On the other hand, the cooler it is in the house the more likely the wife is going to want to cuddle. Depending on your powers of persuasion that can be a good thing or a frustrating one.


----------



## Smitty901

Right now a nice fire is going in the add on wood furnace . Some how it just feels like a better heat. Time to run down and throw another log in


----------



## Moonshinedave

Wow, I thought I was going senile I could've swore I had replied to this post before. I back tracked my post till I found it. Why the duplicate post? Only difference is one says "build" says buy. http://www.prepperforums.net/forum/...solar-panels-wood-stove-what-build-first.html


----------



## Strider

heat or water you need both.Can you get another source of water then heat sounds best.


----------



## graynomad

Looks like there's a trend towards the wood stove, I agree as (I assume) heating is very important in your area. You can always add a simple (and cheap) solar setup for a few lights and phone charging etc., no need to go the whole hog at first.


----------



## paraquack

Deanhowe said:


> I love my wood stove, and it has saved me so much money. Like. Ow in December my gas Bill was 48.00 dollars. You have to love that


Hey newbie. Welcome to the group from Arizona. Land of Sun, Surf, and Sand. Ok, I lied, no surf, but enough sand to fill all the sand bags I'll ever need! Go to introductions and tell us a little about yourself.

I vote for wood stove.


----------



## Deanhowe

Hello my name is Dean and live close to Kansas city like the simple life. I'm just a normal man nothing special just a normal man, what ever normal is So just hear because nothing else to do. A little country but live in the city good night people


----------



## Swe

Thanks everybody! I'm leaning more and more towards a wood stove as prio one. It DOES rain and snow a lot here. Didn't think about that... A simple rain catching system would help a lot and maybe if I added a water filter and some stored water that would be enough? 

Accidently (total newbie) I posted this thread twice, and didn't manage to delete any of the threads. Sorry for that, will do better next time ;-)


----------



## HuntingHawk

"Didn't think about that... A simple rain catching system would help a lot and maybe if I added a water filter and some stored water that would be enough?"

You will want to get a month by month average rainfall for where you live.
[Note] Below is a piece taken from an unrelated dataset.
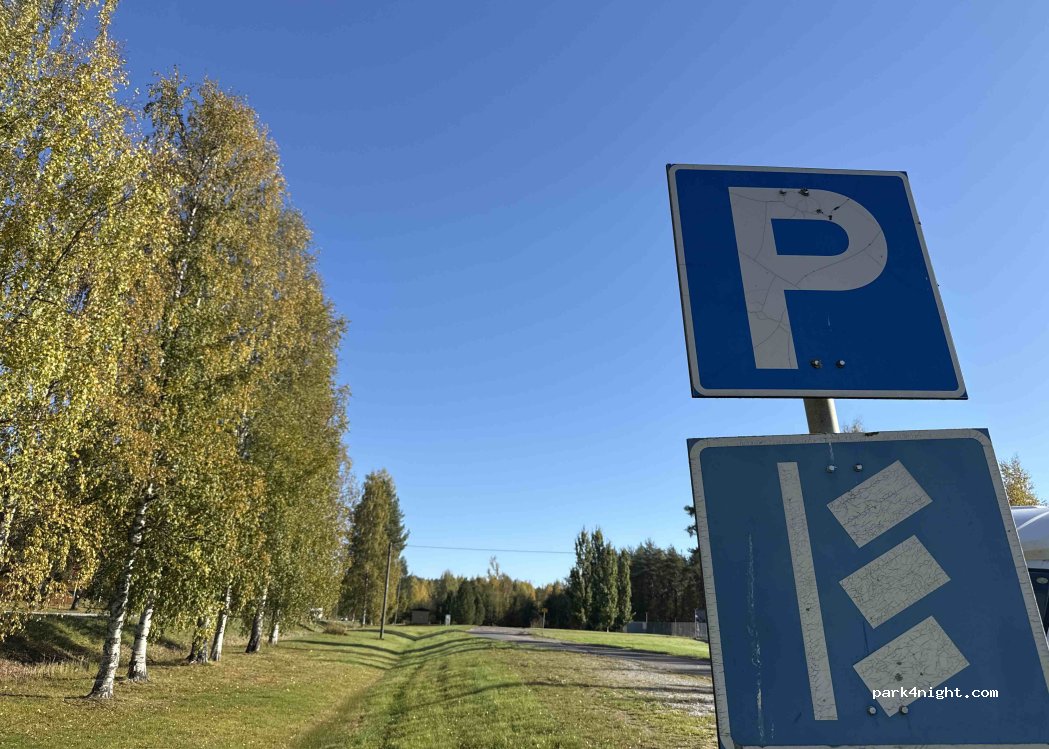 (75530) Nurmes - Lammikkontie — foto 2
That will dictate where you need to collect extra for times of lean.

Rule of thumb is for each one inch of rain on a one square foot area you will collect 0.6 gallons of water.
Lets say your roof is 40x40 which would be 1600sqft. If you collected all the water from one inch of rain that would be 960 gallons. You are going to need to be able to store it also.
And yes, rain water from roofs need filtered. Mostly because birds crap on roofs. Ceramic filters with activated charcoal are fine for that.

Most places there are homes on islands that is how they get their fresh water.


----------



## shooter

wood stove, wind power, then solar power. But make sure you have a genny with enough fuel to run your well and provide extra power when needed.


----------



## graynomad

We installed this one 2-3 months ago

















It has hot plates and an oven. plus as you can see a window in the fire box. I don't know if that's good or not from an efficiency point of view but we love it aesthetically.

We still use propane for cooking but do cook on/in this a lot and will do so even more when we move out of our truck and into the new "house", eventually we will use this for all cooking, at least in the winter, probably not in the summer.


----------



## survival

Swe said:


> Sorry, multiple treads. How do I delete?


I merged both threads for you.


----------



## HuntingHawk

Here is what I had seen in the Caribbean islands. Nicer homes had a cistern both front & back yard. Every year one would be drained & cleaned. They have a wet season & a dry season so they have to be able to store a lot of water.


----------